» WORK TO BE COMPLETED
Find, in the records below, the line that contains "Urban Backwoods Ayran" and the line that contains "Tommy Hilfiger T-shirt Mænd Mid Grå Heather". Copy those two lines and everything between them exactly, but not the pictures.

» SUPPLIED ENTRIES
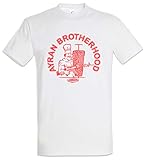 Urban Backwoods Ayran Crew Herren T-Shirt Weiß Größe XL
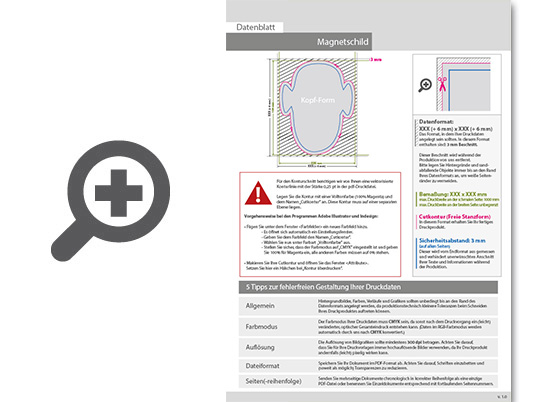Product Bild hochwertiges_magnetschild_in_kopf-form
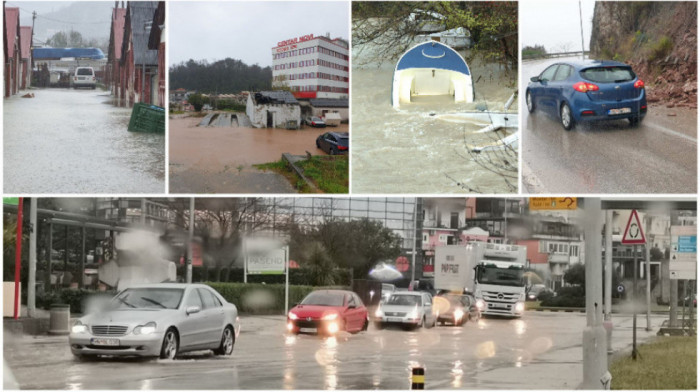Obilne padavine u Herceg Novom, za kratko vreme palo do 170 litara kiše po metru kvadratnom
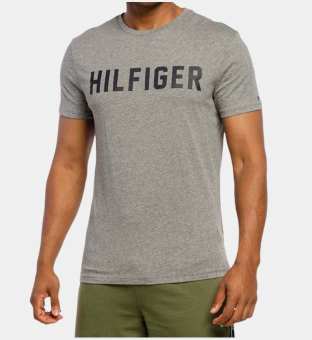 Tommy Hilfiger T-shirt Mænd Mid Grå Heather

---

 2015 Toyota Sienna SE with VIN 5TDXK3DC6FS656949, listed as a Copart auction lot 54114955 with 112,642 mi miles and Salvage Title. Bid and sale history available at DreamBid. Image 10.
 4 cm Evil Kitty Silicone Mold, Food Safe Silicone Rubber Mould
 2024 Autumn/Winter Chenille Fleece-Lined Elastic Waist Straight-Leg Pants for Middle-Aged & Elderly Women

---

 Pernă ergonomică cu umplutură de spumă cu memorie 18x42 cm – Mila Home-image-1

» SOLUTION TO THIS EXERCISE
 Urban Backwoods Ayran Crew Herren T-Shirt Weiß Größe XL
Product Bild hochwertiges_magnetschild_in_kopf-form
Obilne padavine u Herceg Novom, za kratko vreme palo do 170 litara kiše po metru kvadratnom
 Tommy Hilfiger T-shirt Mænd Mid Grå Heather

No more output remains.